About this exercise:
From the records below, print only the part that opens with the line containing "God Says I Am" and closes with the line containing "Green Leather Superstar Sneaker"; omit the pictures.

● ● ● ● ●

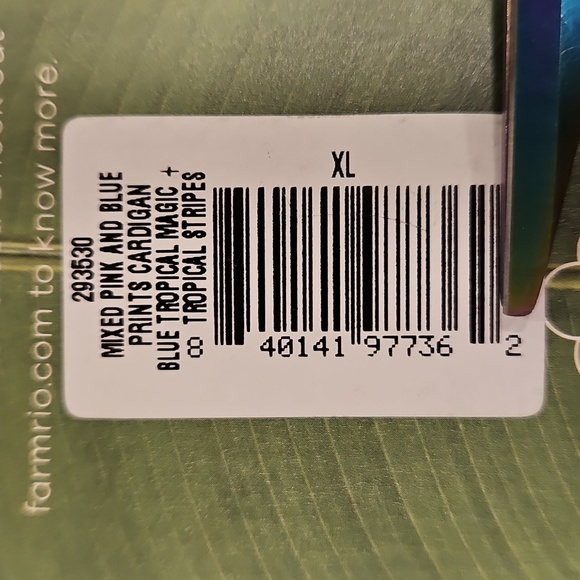 💕FARM RIO💕 Mixed Prints Cardigan  ~ Blue Tropical Magic + Tropical Stripes NWT - Picture 16 of 16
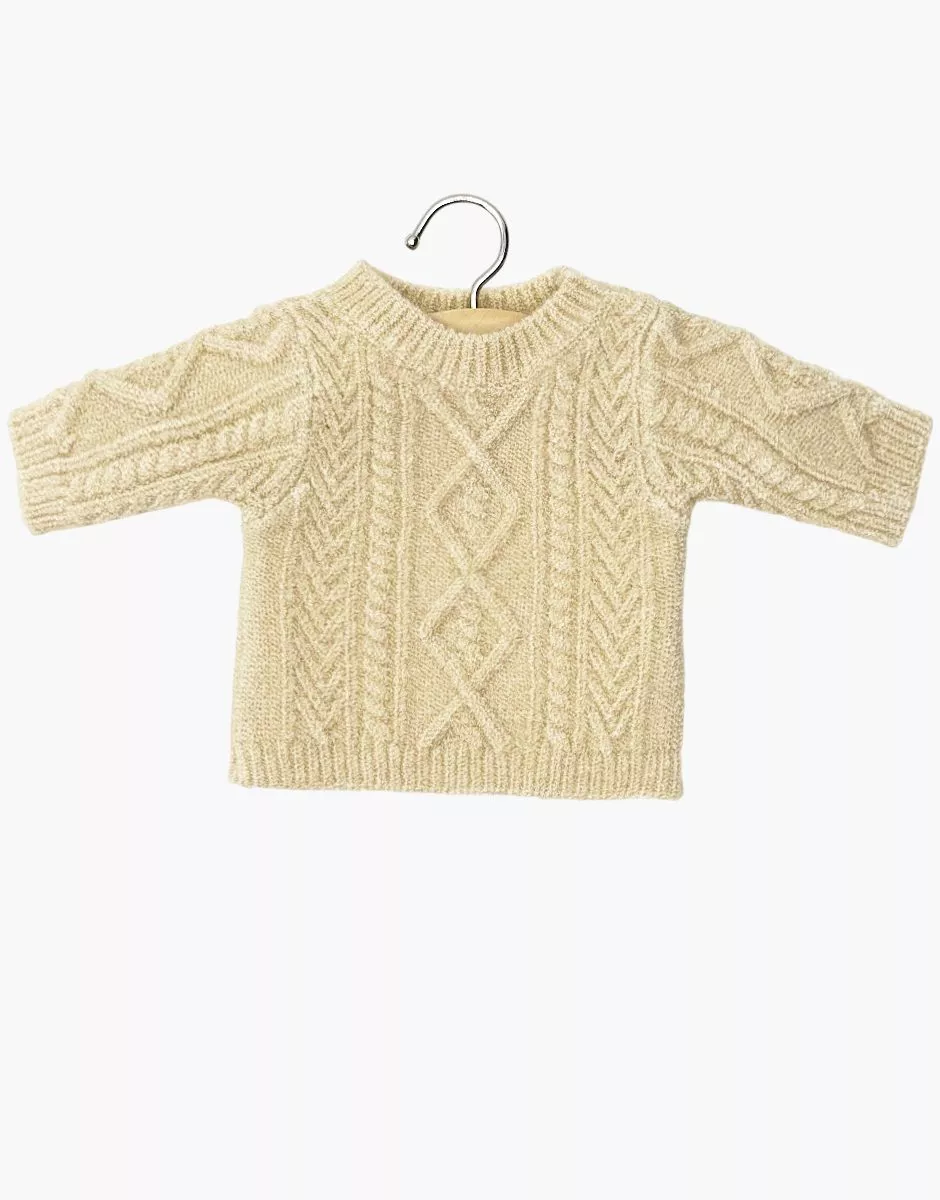 Pull Julian en tricot maille torsadée crème et son pochon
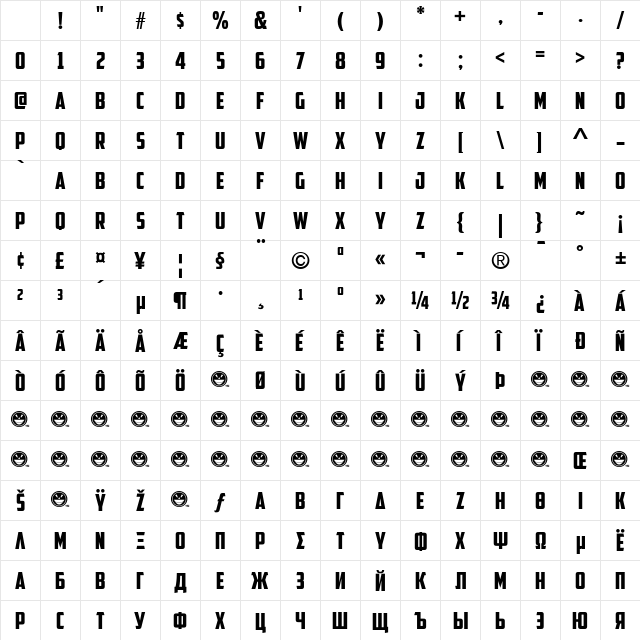 American Captain Regular Character Map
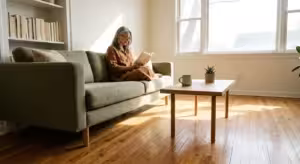 A clean, bright living room with a woman sitting comfortably on a sofa, showing a decluttered and safe home environment.
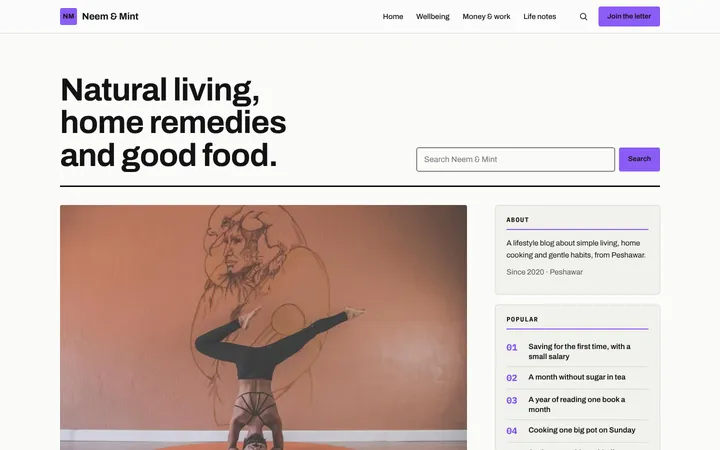 Home page of Neem & Mint, a sample classic layout website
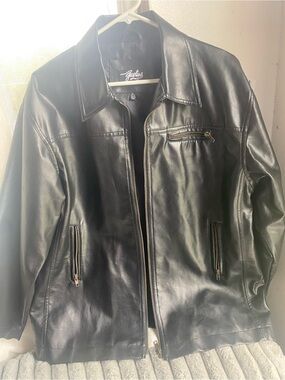 Leather Black Men's Zip-Front Jacket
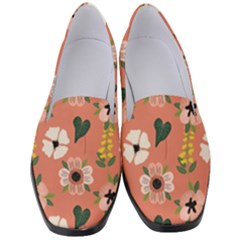 Flower Pink Brown Pattern Floral Women s Classic Loafer Heels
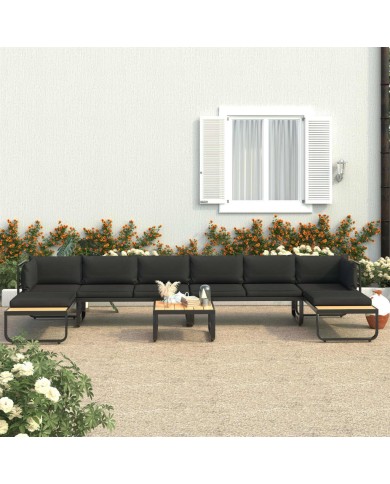 Canapé d'angle de jardin à 5 places avec coussins Aluminium WPC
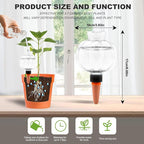 4 Pcs Plant Self Watering Globes, 17oz Large Plastic Water Bulbs Top Fill Watering Globes Slow Release Terracotta, Water Spikes Stakes for Indoor and Outdoor Plants (Clear)
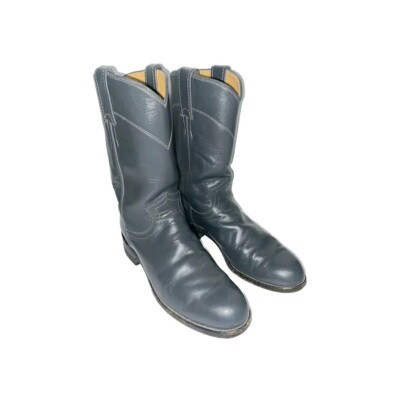 Justin 3056 Unisex Size 5 A Gray Leather Round Toe Ropers Western Cowboy Boots + Justin Gray Leather Roper Cowboy Boots Womens Size 5.5 C  main image 3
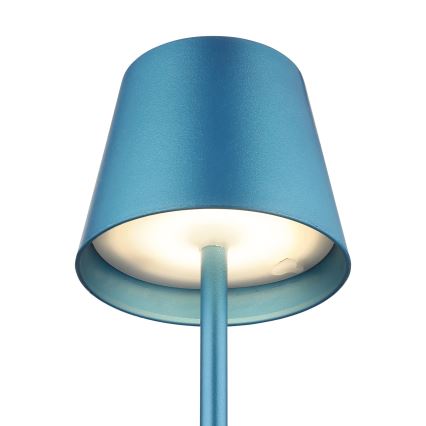 Globo - himmennettävä kosketusohjattu ladattava ulkokäyttöön tarkoitettu LED-pöytälamppu 3-in-1 LED/3W/5V 3000/4000/5000K IP54 1800 mAh sininen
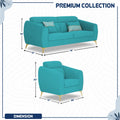 Adorn India Premium Luster Plus 3-1-1 Sofa Set | Velvet Suede Fabric | 3-Year Warranty | Color Aqua Blue with Golden Legs & Striped Pattern Cushion
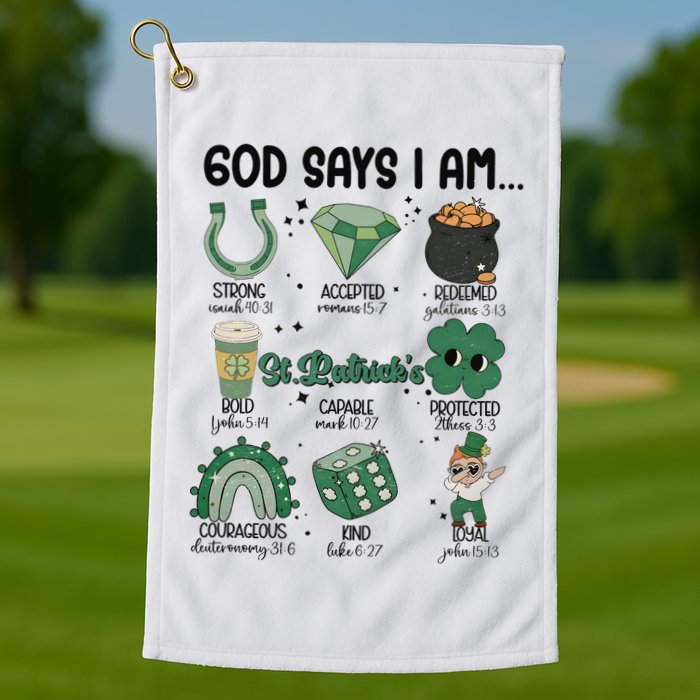 God Says I Am Retro St PatrickS Day Golf Towel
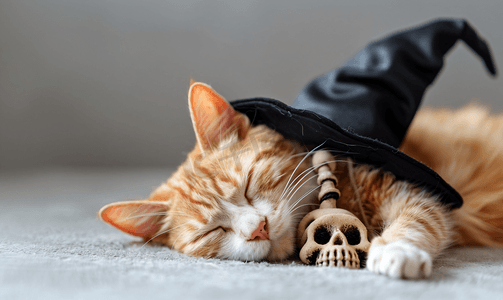 万圣节摄影照片_戴着女巫帽的睡猫灰色背景上有玩具骨架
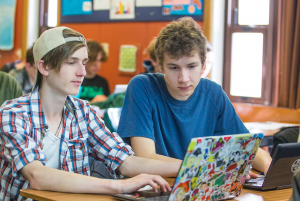 Two students working online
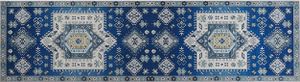 BELIANI Dywan chodnik niebiesko-beżowyi 80 x 300 cm geometryczny wzór antypoślizgowy spód nowoczesny do przedpokoju korytarza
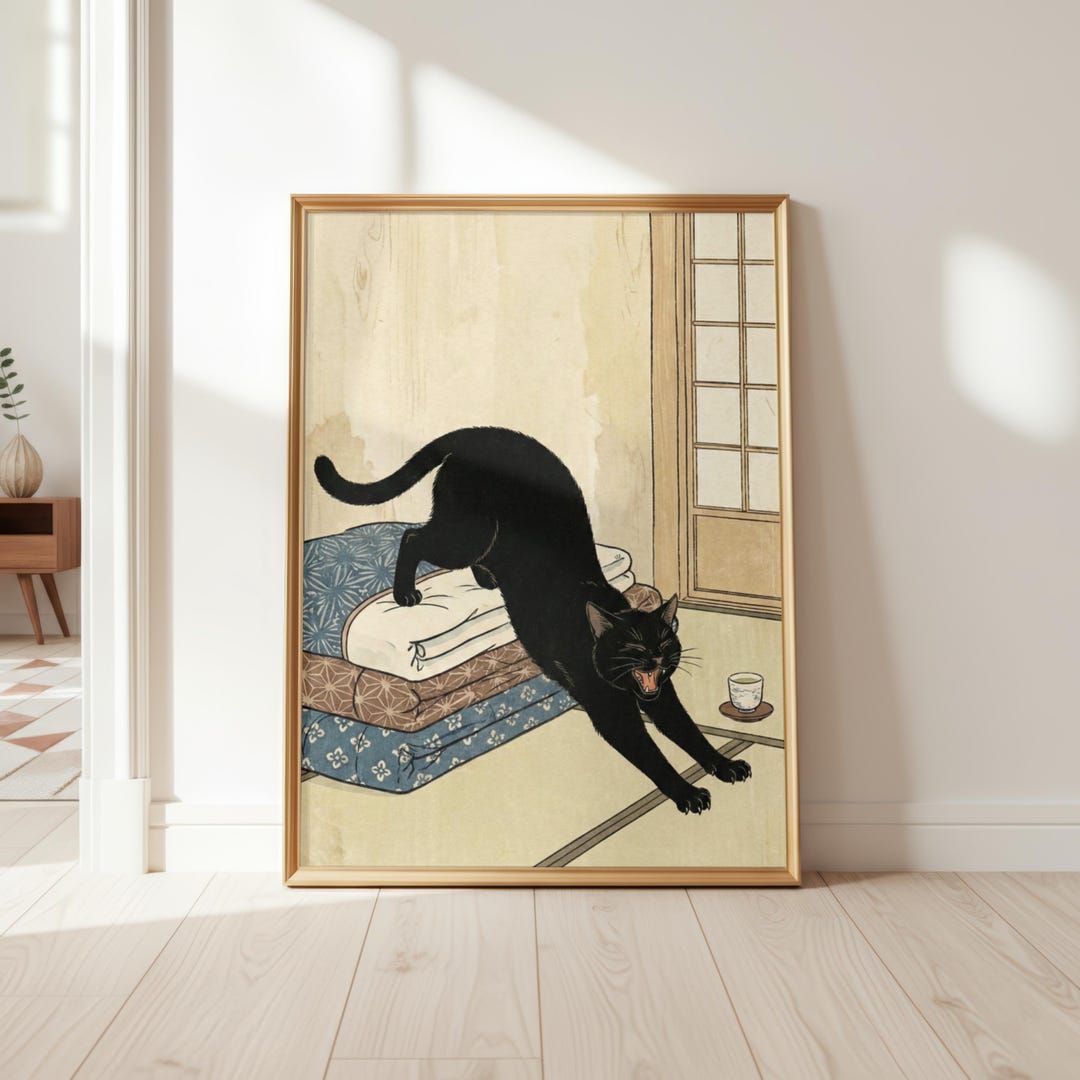 Japanese Tatami Room Wall Art – Black Cat Ukiyo-e Print, Bedroom Decor ...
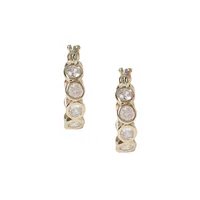 Goldtone & Cubic Zirconia Mini Circle Huggie Earrings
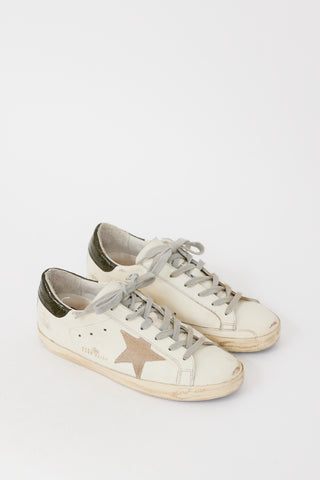 Golden Goose White 
Green Leather Superstar Sneaker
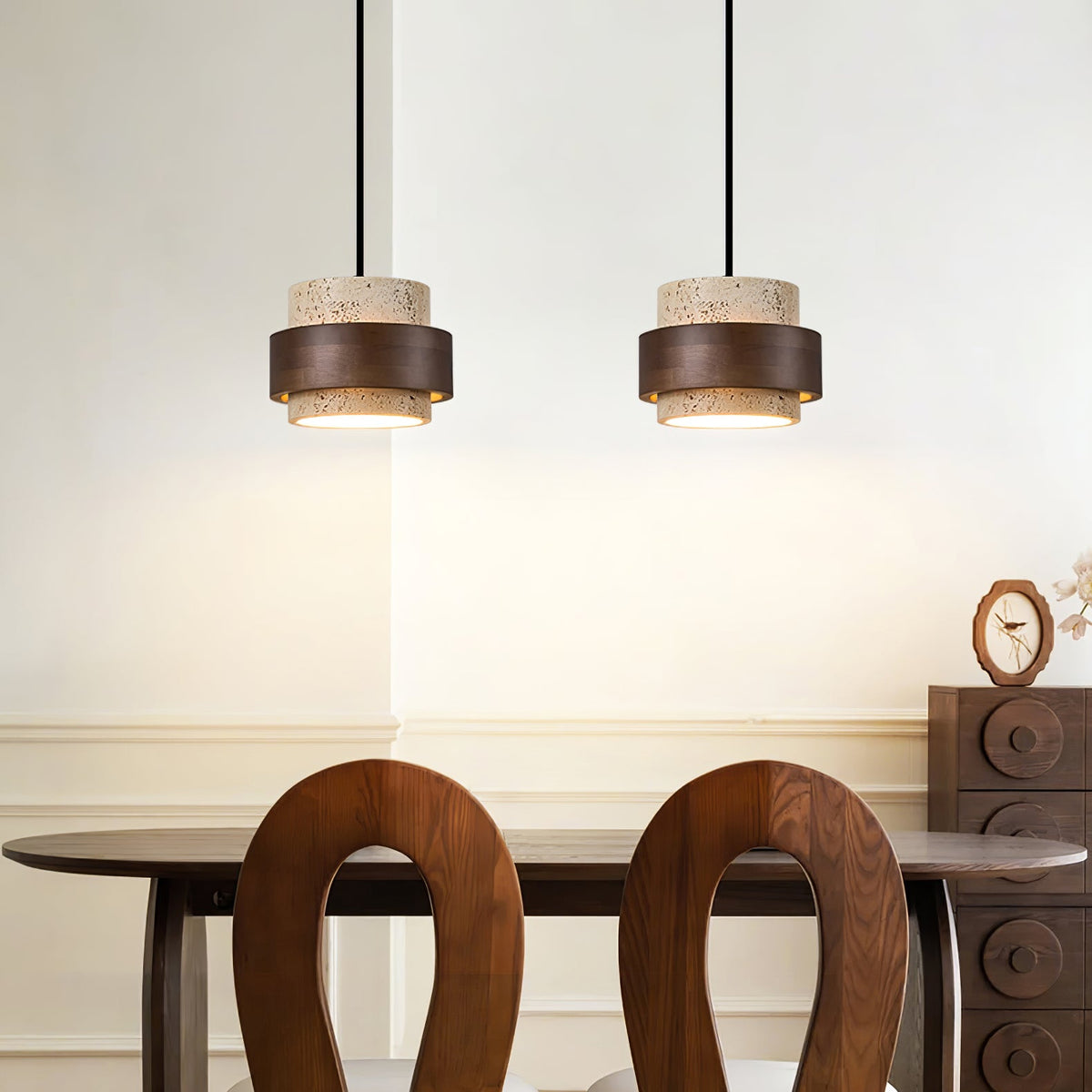 Stonova Pendant Light in Travertine and Walnut — Plug-In Swag Lamp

● ● ● ● ●

Answer box:
 God Says I Am Retro St PatrickS Day Golf Towel
 万圣节摄影照片_戴着女巫帽的睡猫灰色背景上有玩具骨架
 Two students working online
 BELIANI Dywan chodnik niebiesko-beżowyi 80 x 300 cm geometryczny wzór antypoślizgowy spód nowoczesny do przedpokoju korytarza
 Japanese Tatami Room Wall Art – Black Cat Ukiyo-e Print, Bedroom Decor ...
 Goldtone & Cubic Zirconia Mini Circle Huggie Earrings
 Golden Goose White 
Green Leather Superstar Sneaker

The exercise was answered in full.